GuessLanguage Class Reference
from PyKDE5.sonnet import *
Namespace: Sonnet
Detailed Description
GuessLanguage determines the language of a given text.
GuessLanguage can determine the differnce between ~75 languages for a given string. It is based off a perl script origionaly written by Maciej Ceglowski <maciej@ceglowski.com> called Languid. His script used a 2 part huristic to determine language. First the text is is checked for the scripts it contains, then for each set of languages useing those scripts a n-gram frequency model of a given language is compared to a model of the text. The most similar language model is assumed to be the language. If no language is found an empty string is returned.
- Since:
- 4.3
Methods | |
__init__ (self) | |
QString | identify (self, QString text, QStringList suggestions=QStringList()) |
setLimits (self, int maxItems, float minConfidence) |
Method Documentation
__init__ | ( | self ) |
Constructor Creates a new GuessLanguage instance.
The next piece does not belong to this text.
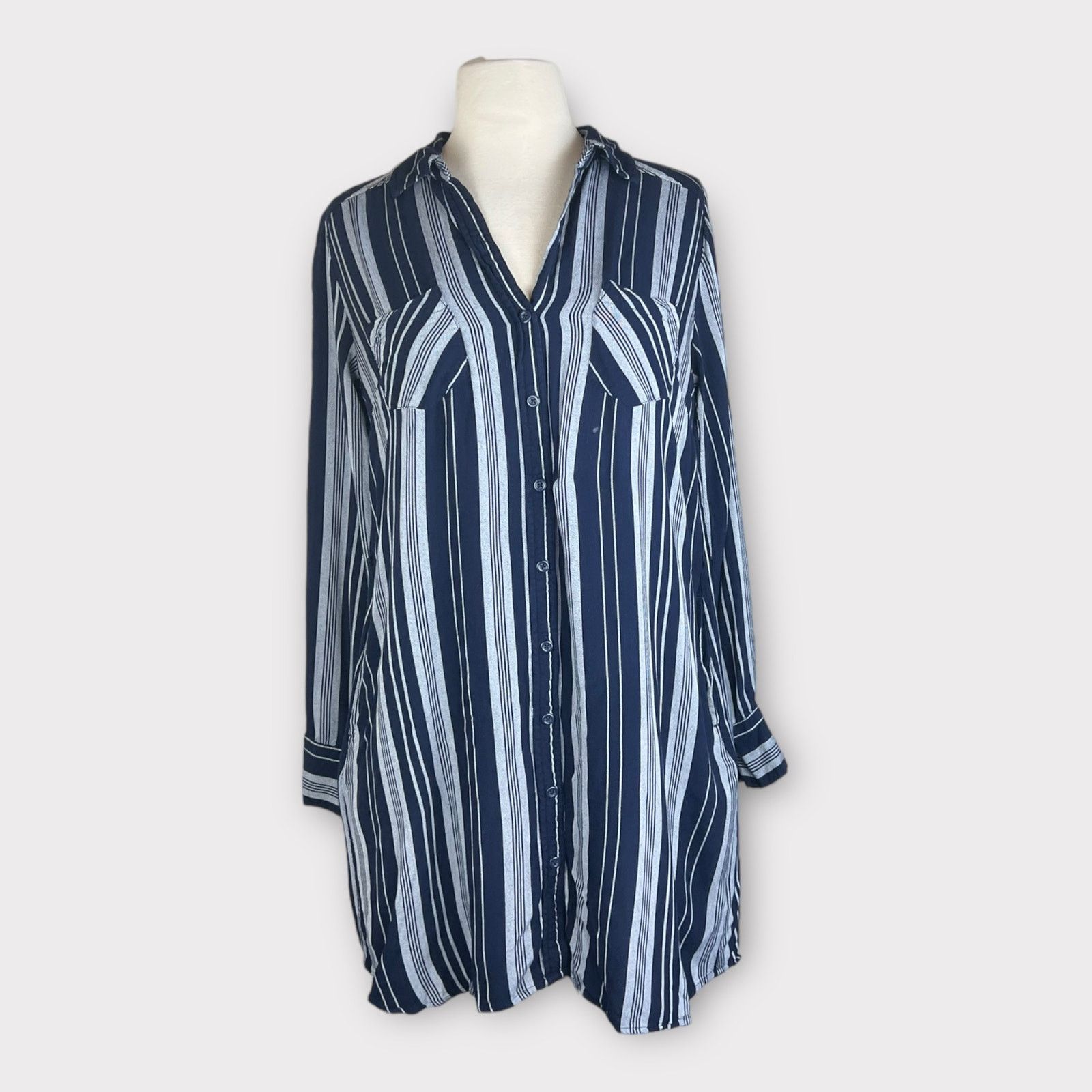 Merona Merona Striped Navy Gray Striped Long Sleeve Shirt Dress Size S / US 4 / IT 40 - 1 Thumbnail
If text is specified, it sets the text to be checked.
- Parameters:
-
text the text that is to be checked
QString identify | ( | self, | ||
QString | text, | |||
QStringList | suggestions=QStringList() | |||
) |
Returns the 2 digit ISO 639-1 code for the language of the currently set text and. Three digits are returned only in the case where a 2 digit code does not exist. If text isn't empty, set the text to checked.
- Parameters:
-
text to be identified
- Returns:
- list of the presumed languages of the text, sorted by decreasing confidence. Empty list means it is impossible to determine language with confidence required by setLimits
setLimits | ( | self, | ||
int | maxItems, | |||
float | minConfidence | |||
) |
Sets limits to number of languages returned by identify(). The confidence for each language is computed as difference between this and next language on the list normalized to 0-1 range. Reasonable value to get fairly sure result is 0.1 . Default is returning best guess without caring about confidence - exactly as after call to setLimits(1,0).
- Parameters:
-
maxItems The list returned by identify() will never have more than maxItems item minConfidence The list will have only enough items for their summary confidence equal or exceed minConfidence.